Araştırmacılardan oluşan bir ekip California Institute of Technology (Caltech), Quebec Yapay Zeka Enstitüsü Mila ve önde gelen birçok akademik kurum, doğada bulunmayan kimyasal reaksiyonlar için tamamen yeni enzimler tasarlayabilen yeni bir yapay zeka sistemi geliştirdi. Bu gelişme, ilaç keşfi, endüstriyel kimya ve sentetik biyoloji gibi alanlarda, tarihsel olarak doğal evrimin sınırlarıyla kısıtlanan ilerleme için potansiyel bir dönüm noktası olarak görülüyor.
adı verilen sistem DİSKO —Difüzyon for Sequence-structure CO-design'ın kısaltması olan— bir proteinin hem amino asit dizisini hem de üç boyutlu yapısını eş zamanlı olarak oluşturmak üzere tasarlanmıştır.

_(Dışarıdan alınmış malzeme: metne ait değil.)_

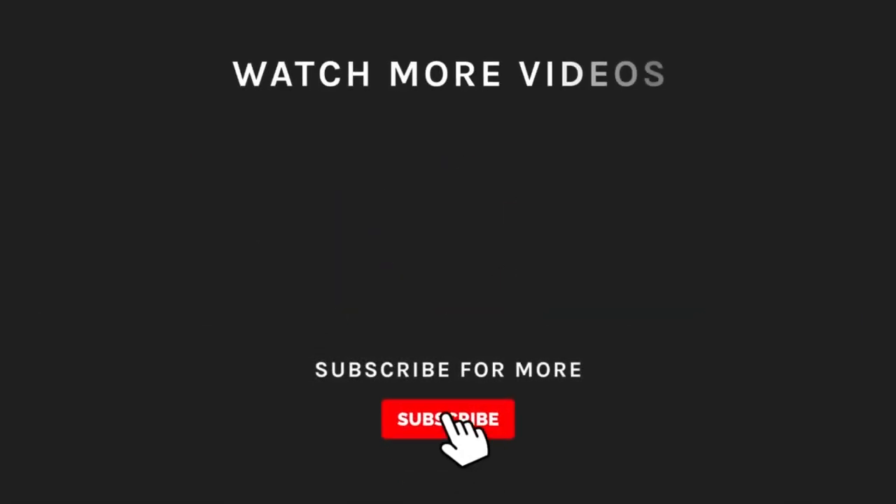Thanks for watching. If you liked what you saw, hit the like button and subscribe to our channel. Take a moment to hit the bell icon so you'll get notified of all our new latest uploads.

Geleneksel yöntemlerin aksine, önceden bilgi gerektirmez.defiKatalitik mekanizmalar veya aktif bölge konfigürasyonları hakkında varsayımlara dayanmaz. Bunun yerine, kendisine yalnızca hedef bir molekül verilir ve o molekülle etkileşime girebilen bir protein modelini bağımsız olarak oluşturur.
Bu araştırma çalışması, Caltech, Mila, Université de Montréal, McGill Üniversitesi, Cambridge Üniversitesi, Oxford ve Imperial College London dahil olmak üzere birçok kurumu kapsamakta olup, Nobel ödüllü Frances Arnold'ı da ilgili yazarları arasında bulundurarak projenin köklü enzim mühendisliği araştırmalarıyla güçlü bağlantısını yansıtmaktadır.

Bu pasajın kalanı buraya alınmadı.